— EXERCISE REQUIREMENTS —
Reproduce the data in full, exactly as given, leaving images out.

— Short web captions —
________________________
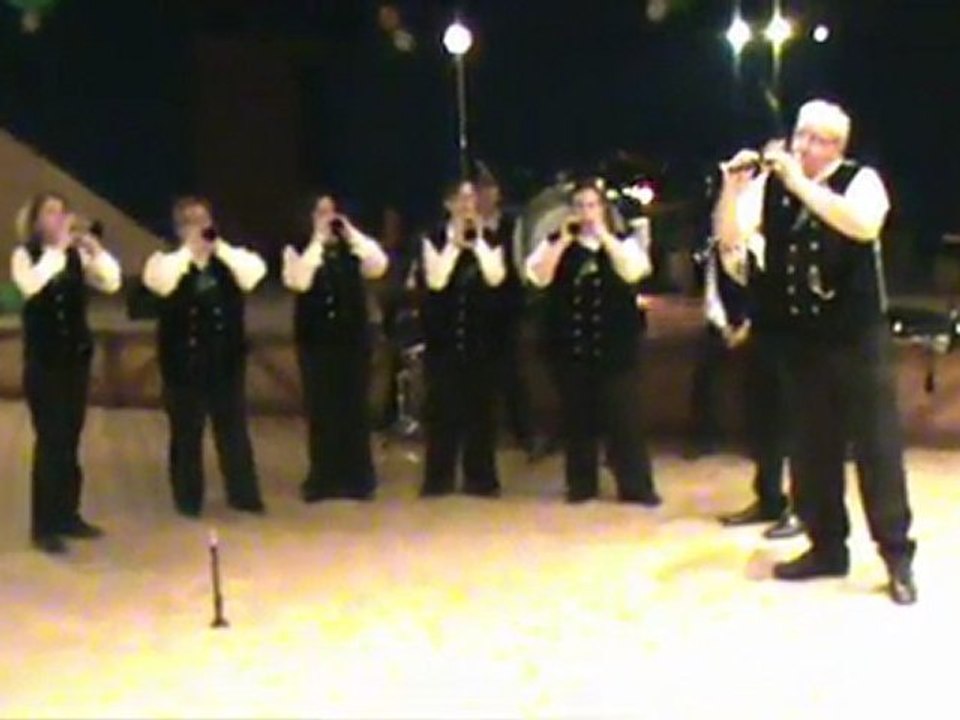 Ensemble bombarde 2011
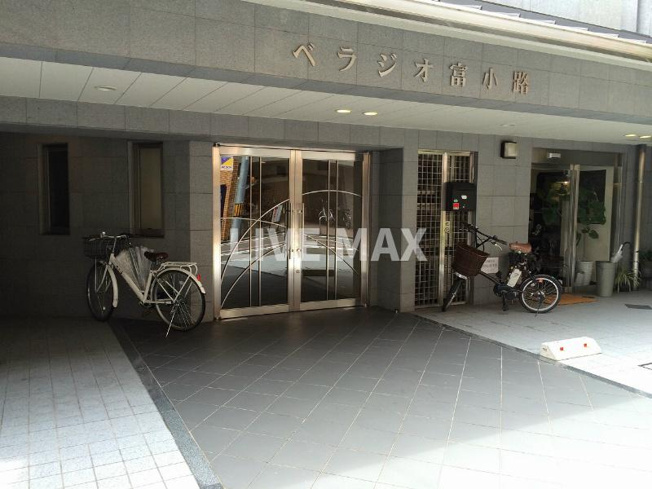 【エントランス】ベラジオ富小路
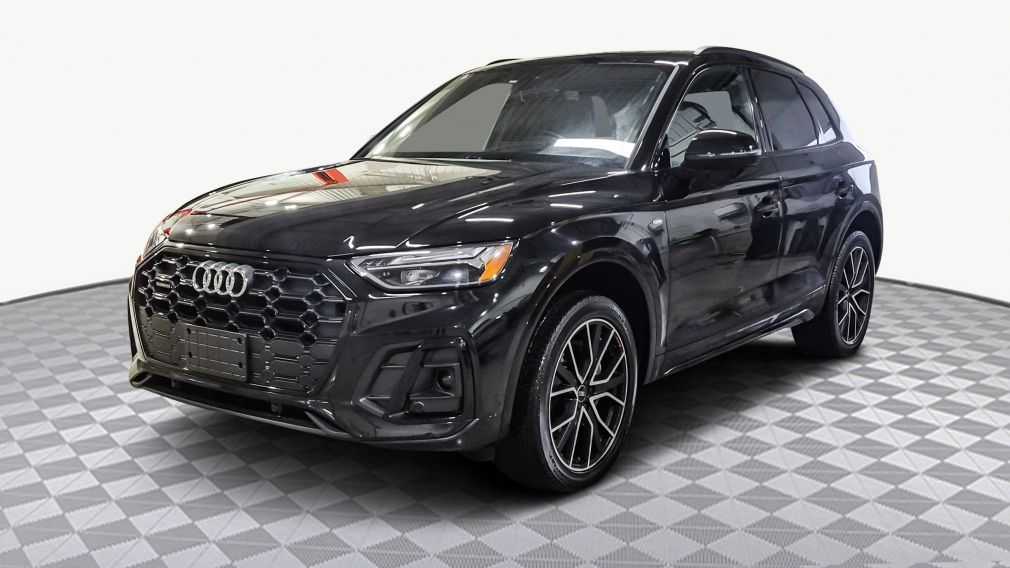 Audi Q5 Progressiv 2023 d&rsquo;occasion à vendre - 3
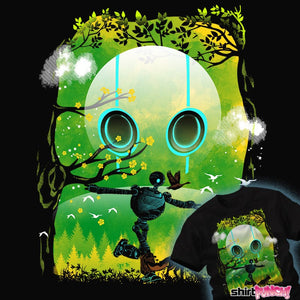 Daily_Deal_Shirts Wild Robot Wild Robot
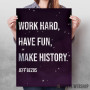 Jeff Bezos Hardwork Quotes Jeff Bezos Hardwork Quotes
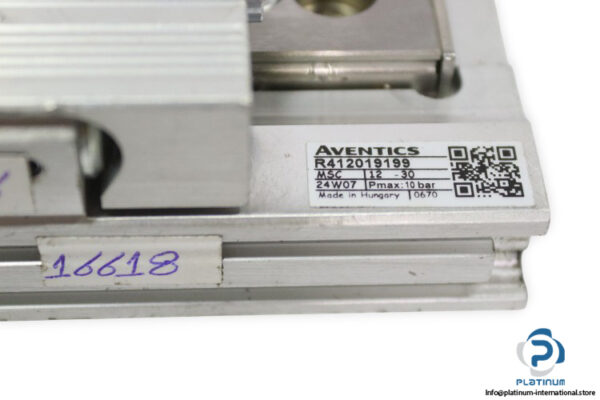 AVENTICS-MSC12-30-mini-slide(used)-1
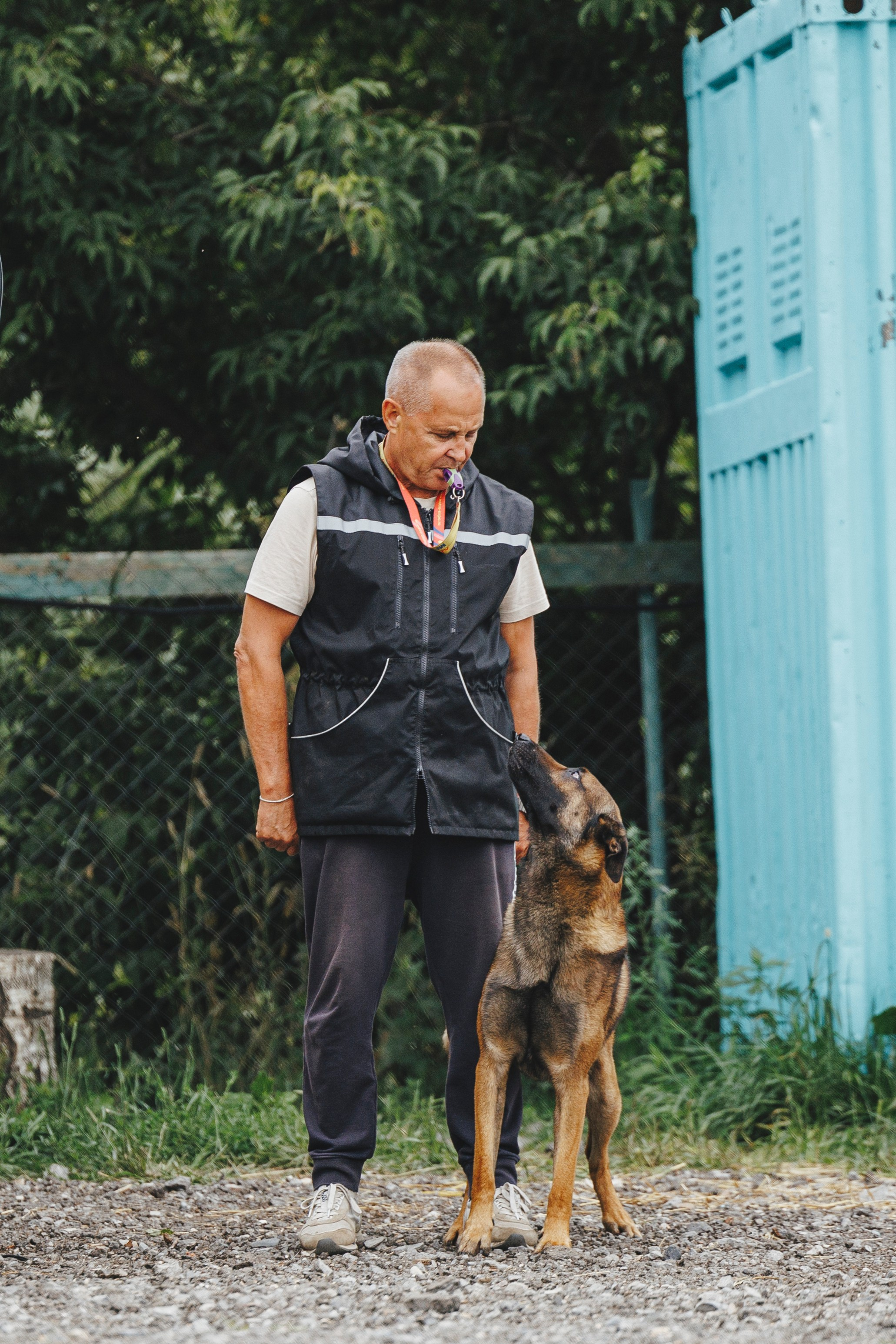 08.08.25-10.08.25 ЧР по мондьорингу г. Вологда. Фотограф-анималист Анна Маринич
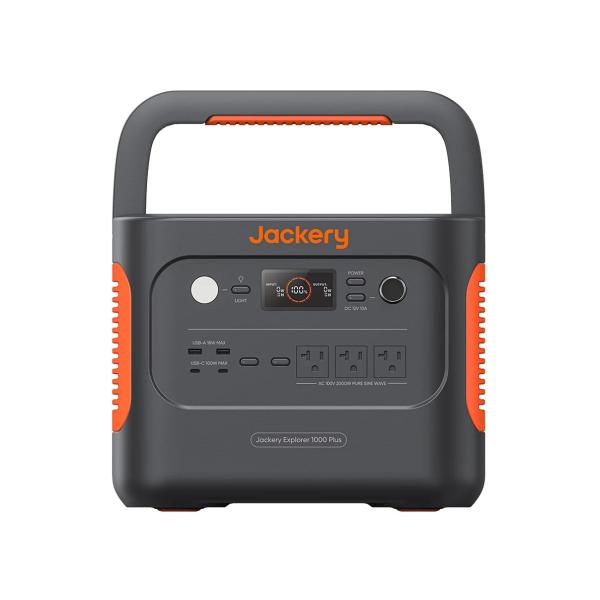 JE-1000C-JACKERY ジャクリ Jackery ポータブル電源 1000plus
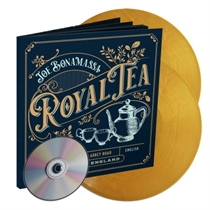 Bonamassa, Joe: Royal Tea Ltd. (2xVinyl+CD)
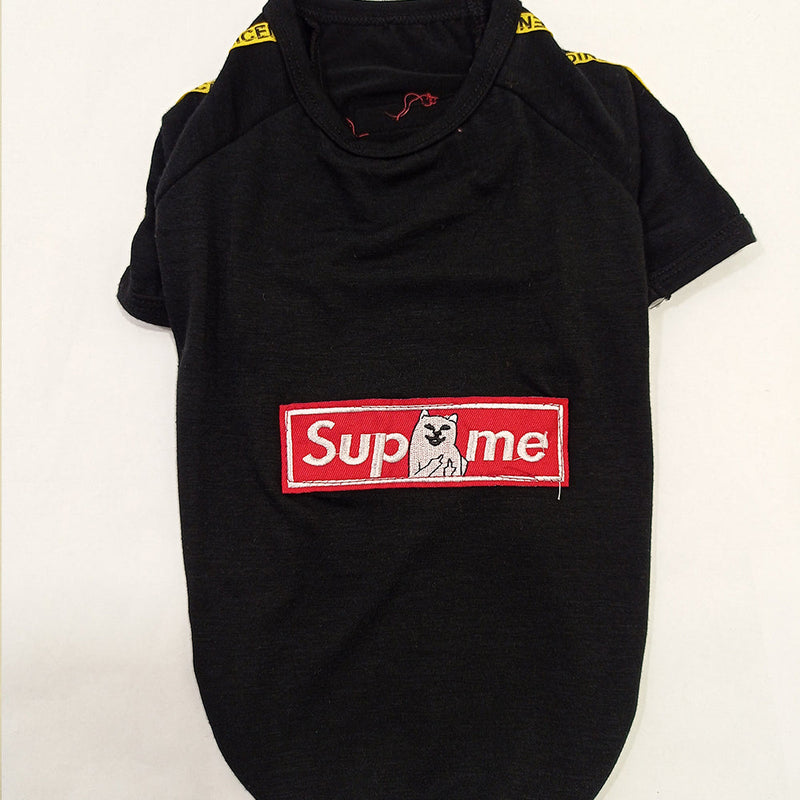 H&m supreme t shirt sales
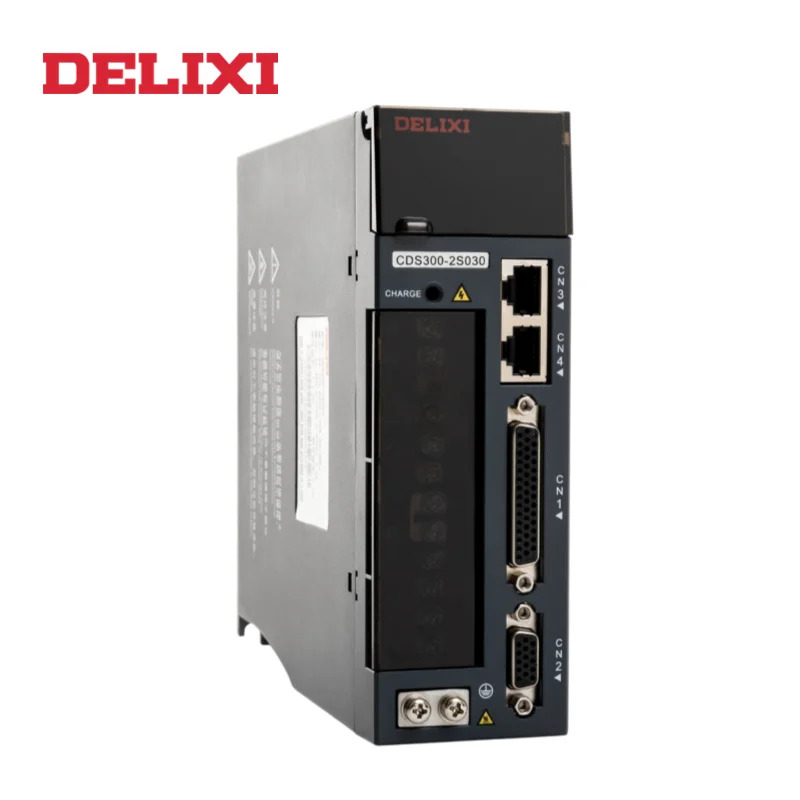 DELIXI AC 서보모터 CDM-60S-H01930 220V 단상 3.5A 0.6Kw 1.91Nxm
________________________
— PROBLEM SOLUTION —
 Ensemble bombarde 2011
 【エントランス】ベラジオ富小路
 Audi Q5 Progressiv 2023 d&rsquo;occasion à vendre - 3
 Daily_Deal_Shirts Wild Robot Wild Robot
 Jeff Bezos Hardwork Quotes Jeff Bezos Hardwork Quotes
 AVENTICS-MSC12-30-mini-slide(used)-1
 08.08.25-10.08.25 ЧР по мондьорингу г. Вологда. Фотограф-анималист Анна Маринич
 JE-1000C-JACKERY ジャクリ Jackery ポータブル電源 1000plus
 Bonamassa, Joe: Royal Tea Ltd. (2xVinyl+CD)
 H&m supreme t shirt sales
 DELIXI AC 서보모터 CDM-60S-H01930 220V 단상 3.5A 0.6Kw 1.91Nxm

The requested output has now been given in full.